Updated on 2025-02-22 GMT+08:00

Rules

Partition keys cannot be updated:

Hudi has a primary key uniqueness mechanism, but in the context of partitioned tables, it usually can only guarantee uniqueness within a partition. Therefore, if the partition key value changes, it will result in multiple rows with the same primary key. In scenarios where date partitions are used, the creation time of the data can be used as the partition field. Remember not to use the data update time as the partition.

NOTE:

When the index type of Hudi is specified as global, Hudi supports data updates across partitions, but global index performance is generally poor and is not recommended.

Recommendations

  • Fact tables should use date partitions, while dimension tables should use non-partitioned or coarser-grained date partitions.

    Whether to use partitioned tables depends on the total data volume, increment, and usage. The characteristics of fact tables and dimension tables are:

    • Fact tables: large total data volume, large increment, data reads mostly sliced by date, and data is read for a certain time period.
    • Dimension tables: relatively small total volume, small increment, mostly update operations, data reads involve the whole table or are filtered by the corresponding service ID.

    Based on the above considerations, using daily partitions for dimension tables will result in too many files, and since the whole table is read, it will cause too many file read tasks. Using coarser-grained date partitions, such as yearly partitions, can effectively reduce the number of partitions and files. For dimension tables with small increments, non-partitioned tables can also be used. If the total data volume or increment of the dimension table is large, consider using a certain business ID for partitioning. In most data processing logic, large dimension tables will have certain business conditions for filtering to improve processing performance.

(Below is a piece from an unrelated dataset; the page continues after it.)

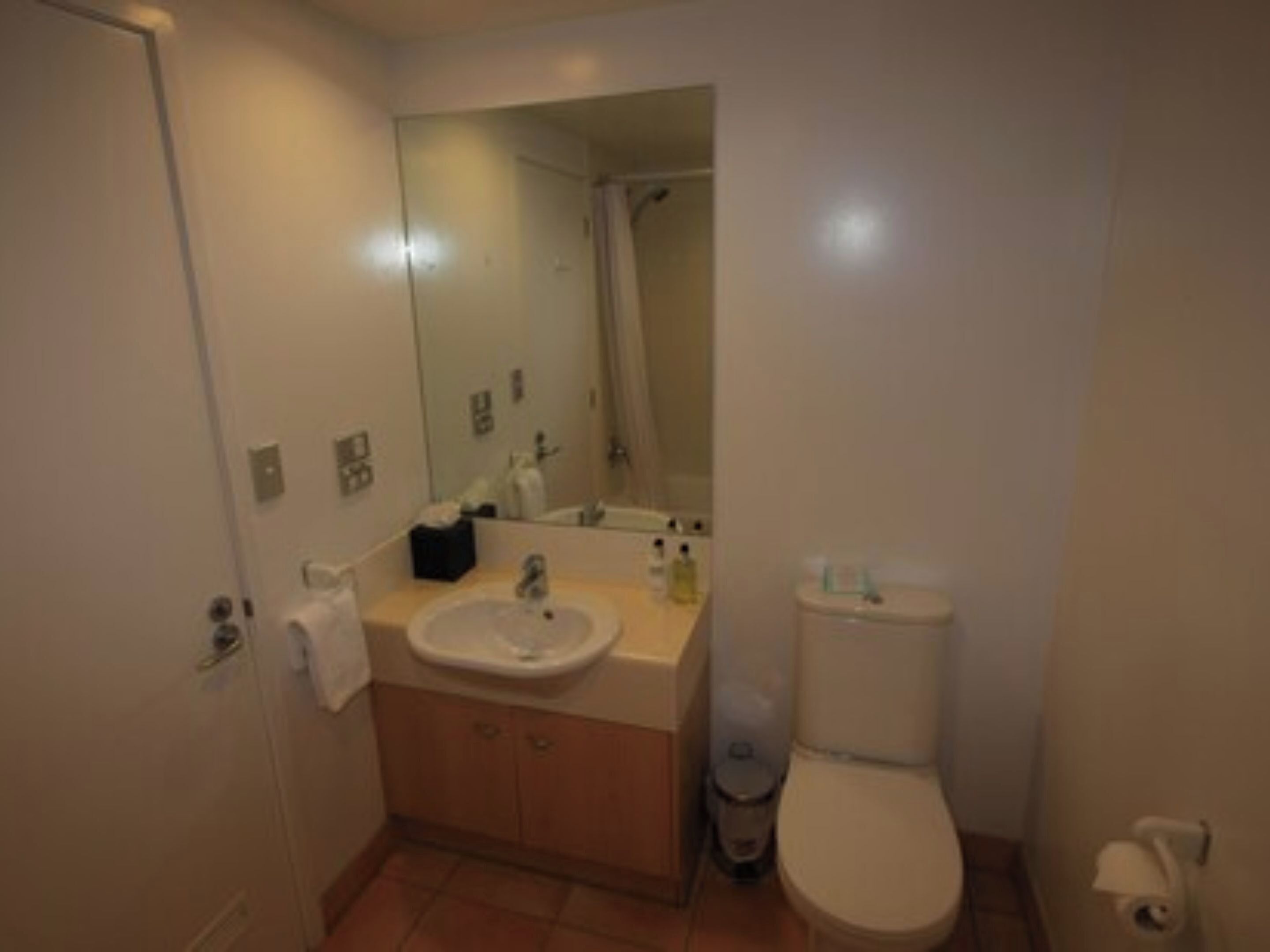 Ein kleines, sauberes Badezimmer mit Waschbecken, Toilette und Spiegel.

This type of table needs to be optimized based on specific service scenarios and cannot be optimized solely by date partitioning. Fact table reads will be sliced by time periods, such as the last year, last month, or last day, so fact tables should prioritize date partitions.

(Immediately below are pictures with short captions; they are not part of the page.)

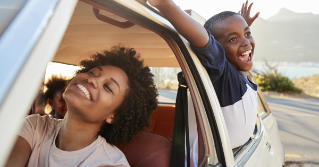 Mother And Children Relaxing In Car During Road Trip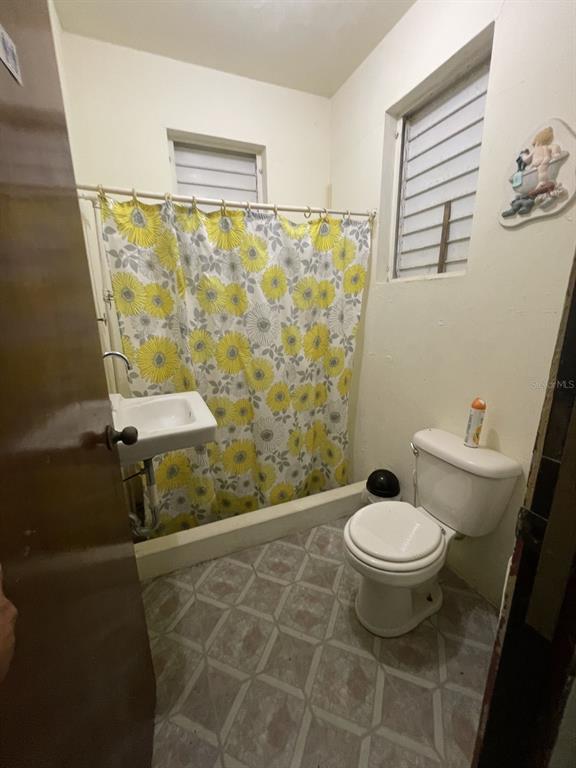 Camino Entrada Alley Lago, PR 00926 - Photo 12 of 82 a bathroom with a sink toilet and shower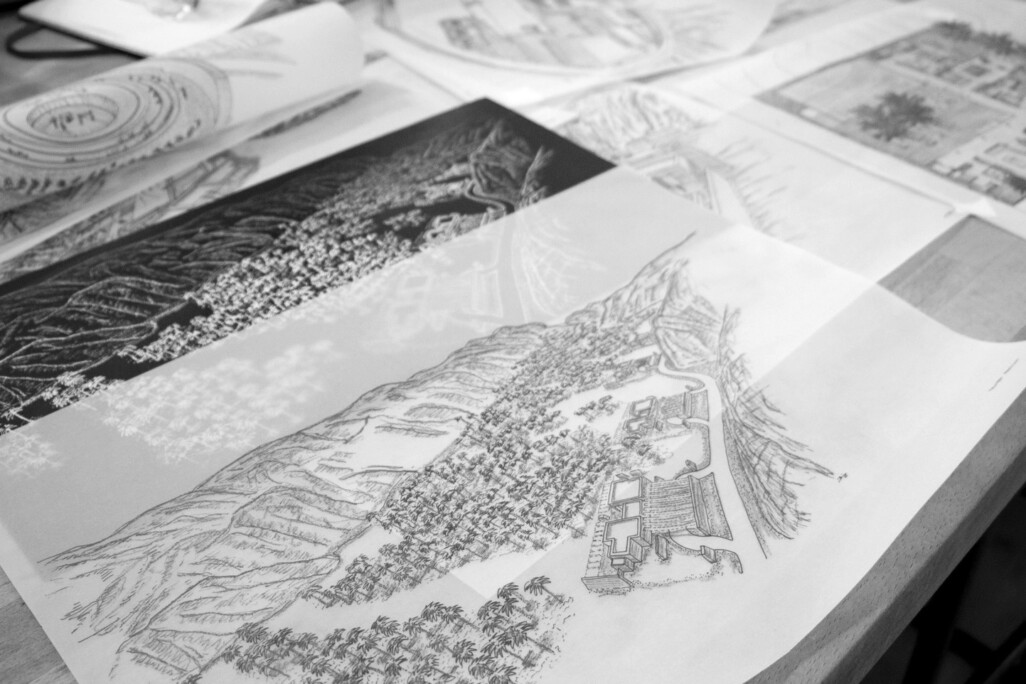 Architectural site drawings and masterplan sketches spread across desk showing landscape and resort design concepts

  • Use date fields for partitions, and the granularity of partitioned tables should be determined based on the data update range, neither too large nor too small.

    The granularity of partitions can be yearly, monthly, or daily. The goal of partition granularity is to reduce the number of file buckets written simultaneously, especially when there is a regular pattern of data updates over a certain time range. For example, if the highest proportion of data updates is within the last month, partitions can be created by month; if the highest proportion of data updates is within the last day, partitions can be created by day.

    Using bucket index, writes are scattered by hashing the primary key, and data is evenly written to each bucket under the partition. Since the data volume of each partition can fluctuate, the design of the number of buckets under each partition is usually calculated based on the maximum partition data volume. The finer the partition granularity, the more redundant the number of buckets. For example:

    Using daily partitions, with an average daily data increment of 3 GB and a maximum daily log of 8 GB, the table is created with Bucket count = 8 GB/2 GB = 4. If the highest proportion of data updates is daily and mainly distributed over the last month, this means that the data will be written into all buckets for the entire month, which is 4 x 30 = 120 buckets. If monthly partitions are used, the number of partition buckets = 3 GB x 30/2 GB = 45 buckets, thus reducing the number of data buckets to 45. With limited compute resources, the fewer buckets written, the higher the performance.